Allein bei der Sparkasse Bielefeld hätten im vergangenen Jahr rund 5000 Asylbewerber ein Konto eröffnet, beschreibt eine Sprecherin die Lage. Weil das im Normalbetrieb nicht mehr zu bearbeiten war, wurde in der Stadt nun eine stillgelegte Geschäftsstelle wieder eröffnet - ausschließlich für Flüchtlinge. Drei Mitarbeiter kümmern sich dort am Vormittag um die Kontoeröffnungen der Neuankömmlinge.
In anderen Städten in NRW führen Sparkassen neue Öffnungszeiten ein, zu denen nur Flüchtlinge kommen dürfen. Oder Mitarbeiter gehen direkt in die Unterkünfte, um Kontos zu eröffnen. Auch zu den Genossenschaftsbanken kommen Asylsuchende.

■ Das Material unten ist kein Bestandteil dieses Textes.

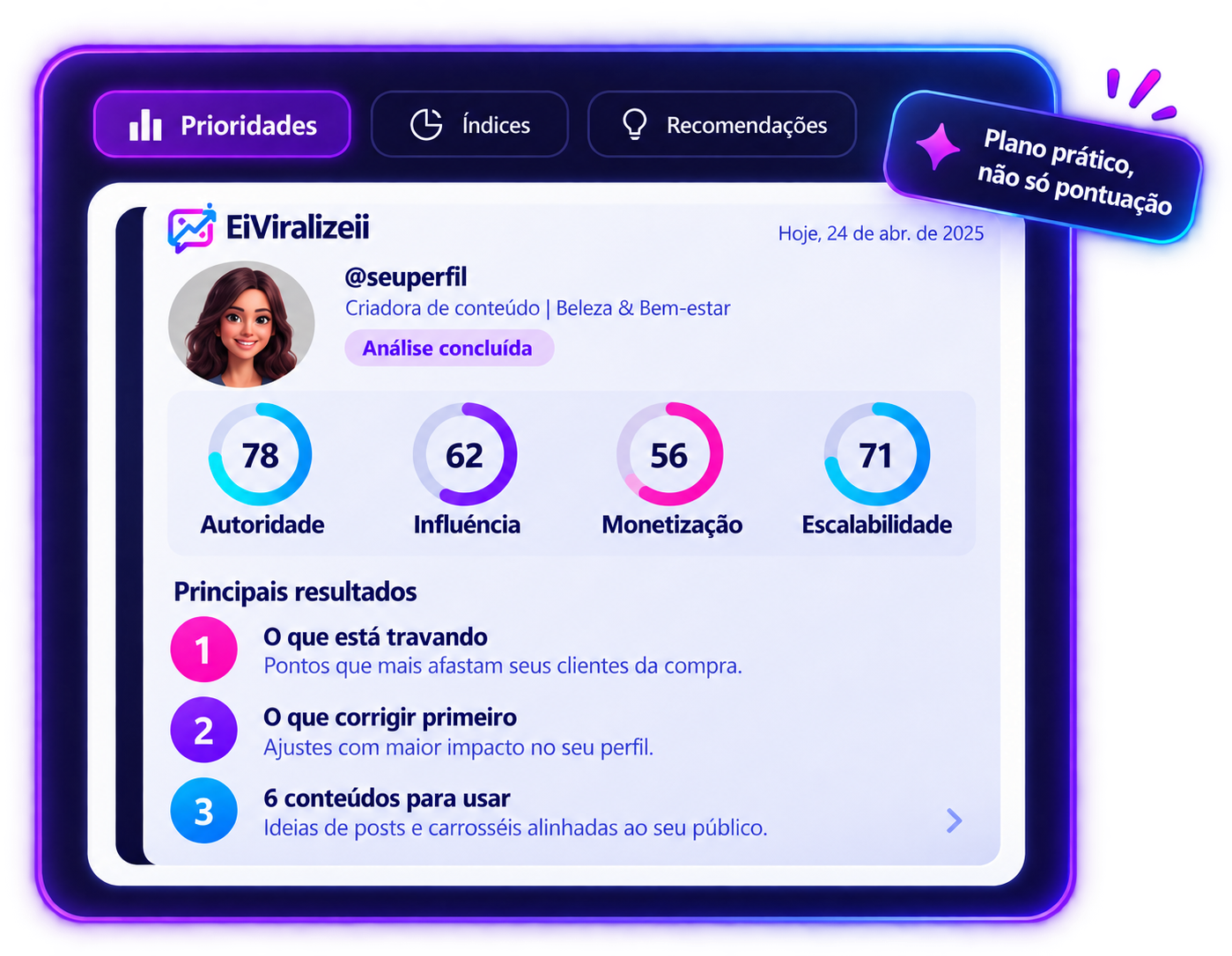 Exemplo visual do diagnóstico EiViralizeii com prioridades, índices, recomendações e plano prático.
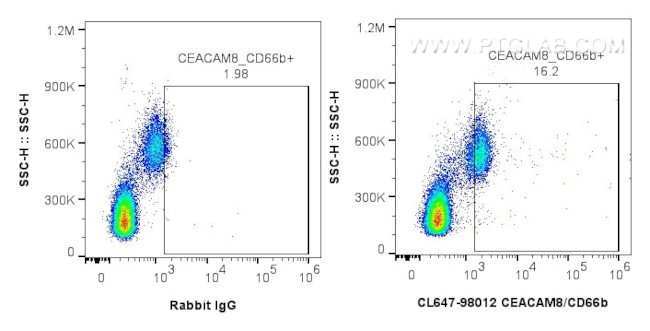 CEACAM8/CD66b Antibody in Flow Cytometry (Flow)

Dort könnten die Anfragen bislang aber gut bewältigt werden, hieß es beim Rheinisch-Westfälischen Genossenschaftsverband.
Der abgeschwächte Identitätsnachweis, den die Flüchtlinge bei der Kontoeröffnung vorweisen müssen, birgt allerdings auch Risiken: „Vor allem international agierende Banken könnten durch diese Sonderbestimmungen gegen die Gesetze anderer Länder verstoßen“, befürchtet der Geschäftsführer des Bankenverbands NRW, Franz-Josef Arndt. Auch Missbrauch sei nicht ausgeschlossen.
Der Flüchtlingsrat ist jedoch erstmal zufrieden. „Wenigstens was die Kontoeröffnungen angeht, ist jetzt erstmal etwas Ruhe eingekehrt“, sagt Geschäftsführerin Naujoks.